Celebrate evil? Despite the many posts in this thread, you don’t understand the meaning of a memorial, do you?

Red herring: Sudan’s slavery problem is not related to creating a memorial to remember the brutality of American slavery.

False Claim: “Celebrating slavery” (see above — check definition of memorial) DOES NOT imply Sudan’s slavery will be ignored. If you think so, show me how.

Are you assuming a black person wouldn’t be likely to deserve admiration on his own? Sowell is highly admired by conservatives and libertarians My admiration for Sowell is perhaps even higher because he and I think in similar ways. No surprise, perhaps, due to our having been at the University of Chicago. Also, his logical, economist’s POV seems pretty close to my logical actuarial POV. And, I admire his horror at illogical policy and bad thinking in general. We also share a number of political beliefs, as well as a love for Yosemite National Park, and a desire to see it widely enjoyed.

His books cover a wide range of subjects. A recent one deals with children who are late talkers, despite having normal or superior intelligence. He has written several books about the the importance of culture.

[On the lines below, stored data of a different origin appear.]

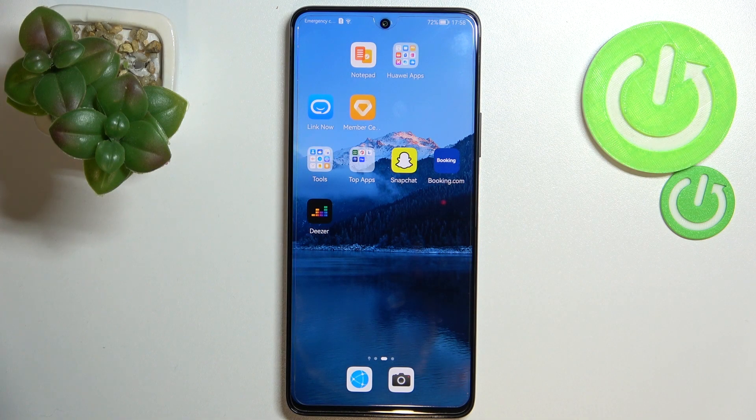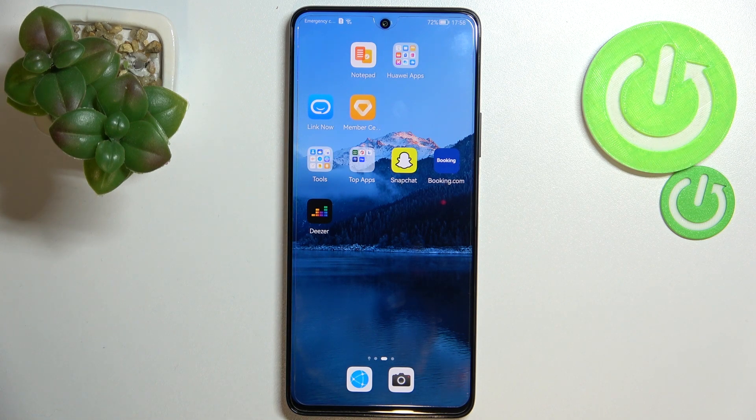Hi everyone. In front of me I've got the Huawei Nova 9 SE, and let me share with you how to reset network preferences on this device.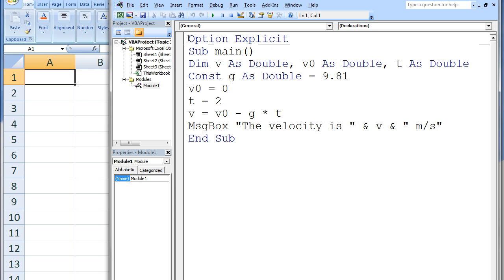The macro shown here will calculate the velocity of a ball that is dropped from a building after a certain time t. In most projectile motion problems, the gravitational acceleration is usually assumed to be constant at a value of 9.81 m per second squared. The option explicit statement at the top of our module requires us to declare the variables that we will use in our program.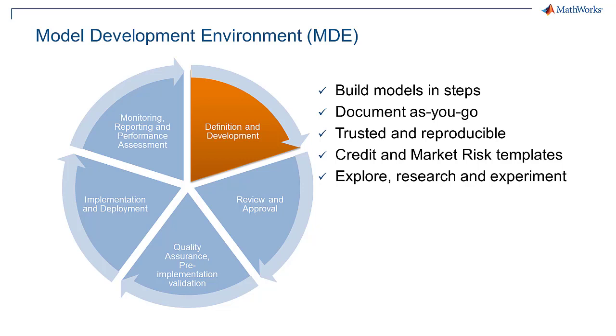Model development involves model building, model review, documentation, and exploration. This complex process usually requires several iterations, which can slow down progress towards finding the right model.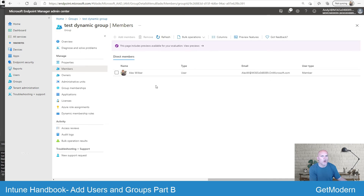If you're enrolling a new device and this was a dynamic device group, then as part of that enrollment they will automatically be added to those groups.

His book of a couple of years ago, “Basic Economics” is a nice, simple presentation of free market economics. You ought to read it. You won’t agree with it, but you’ll learn something.

Although his PhD is in economics, his books are on a variety of public policy areas. Obviously, the free market ideas he espouses have been in the ascendency for some time. E.g., deregulation, school vouchers, welfare reform, tax cuts.

No doubt this would be a hoped-for result. However, as I said, I question whether it would actually be effective in this role.

Should there be some sort of memorial for the victims of 9/11. Or would that merely be celebrating/memorializing our failures and acknowledging the victory of evil (at least until we catch OBL). I mean REALLY the vast majority of th people who died did nothing heroic or were even necessarily good people - they were just in the way of a madman.

If you think we should acknowledge the victims at the WTC (leave the Pentagon out of this because the people there were serving their country) how is it different from the slavery memorial, other than the timeliness (in which case shouldn’t we wait to make sure our feelings about 9/11 endure - if in 5 or 50 years we have followed Tarantula’s advice and “gotten over it” we won’t want some slab of concrete sucking up prime Manhattan real estate)

“I don’t think either of these is necessarily the case. I’m white and feel no guilt or responsibility for slavery. My ancestors were still roughing it in Eastern Europe at the time. Even descendants of slaveowners - who, it is mentioned earlier, were relatively few - have nothing to feel guilty about. Assuming they know who they are to begin with. Likewise, plenty of black people aren’t descended from slaves. This kind of thing is NOT an everyday subject to the point where it would promote victimhood and resentment.”

Even so, most people won’t think that far.

Just out of curiosity, is there a memorial for the rape of Nanking or for the Angkar in Cambodia or for the western expansion in the US?